Posted: April 15, 2008

Novel drug delivery methods: getting drugs to tumors quickly and with less toxicity

(Nanowerk News) As promising cancer therapies and drugs emerge, researchers strive to find ways to deliver them to patients with minimal side effects. At the 2008 Annual Meeting of the American Association for Cancer Research, April 12-16, researchers report that therapies delivered by “trojan horse” peptides and through the use of nanotechnology may enhance the effectiveness of cancer treatment.
Kousparou C, et al. Antennapedia ‘trojan’ peptide delivers p21 protein resulting in tumor eradication: Abstract 4908
Researchers report that using the Antennapedia protein as a “trojan horse” to pierce the outer layer of a cancer cell and deliver p21, a known tumor suppressor protein, successfully reduces malignant tumors in mice. Christina Kousparou, Ph.D., head of research at Trojantec Ltd, said intravenous treatment with p21 by this method brought the cancer cell growth and death cycle to a halt and slowed tumor growth. Mice given this protein also lived longer than a control group of animals, she reports.
Researchers had speculated that p21 would increase sensitivity to chemotherapy. The combination of p21 with chemotherapy resulted in total tumor eradication in 40 percent of animals and a reduction in tumor burden in 100 percent of animals, Kousparou reports.
“The efficacy of our anti-tumor growth modality in combination with conventionally used medication suggests that it can be considered as a promising therapeutic drug for the management of a wide range of carcinomas,” said Kousparou.
Siddiqui IA, et al. Nanochemoprevention: introducing a novel concept in cancer chemoprevention with a proof of principle for superior activity of green tea polyphenol epigallocatechin-3-gallate encapsulated in PLGA/PVA nanoparticles: Abstract 2102
Researchers may have found a way to effectively deliver green tea to a tumor, increasing its utility as a “chemopreventive” agent.
Although green tea has been shown in preclinical studies to have significant cancer prevention potential, its therapeutic use has been limited by lack of a method for delivering effective doses to cancer cells.
“Most biological processes, including those that are cancer-related, occur at the nanoscale, so we hypothesized that nanoparticle delivery of green tea polyphenol epigallocatechin-3 would be a possible method,” said Imtiaz A. Siddiqui, Ph.D., a research associate at the University of Wisconsin. Researchers encapsulated green tea polyphenol epigallocatechin-3-gallate in synthetic nanoparticles and evaluated the response in human prostate cancer cells.

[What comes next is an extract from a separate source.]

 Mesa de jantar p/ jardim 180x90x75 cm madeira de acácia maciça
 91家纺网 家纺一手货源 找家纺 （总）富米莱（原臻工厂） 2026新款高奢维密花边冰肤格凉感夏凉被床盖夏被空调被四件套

An initial treatment with the nanoparticles alone without green tea showed negligible response, Siddiqui said. Adding tiny amounts of green tea to the nanoparticles, however, produced a significant response that persisted for 48 to 72 hours. Further experiments showed that treatment with nanoparticle-delivered green tea increased the rate of cancer cell death and decreased the number of new cell colonies.
“Validation of these cell culture data to animal model systems could pave the way for developing new avenues of cancer chemoprevention,” said Siddiqui.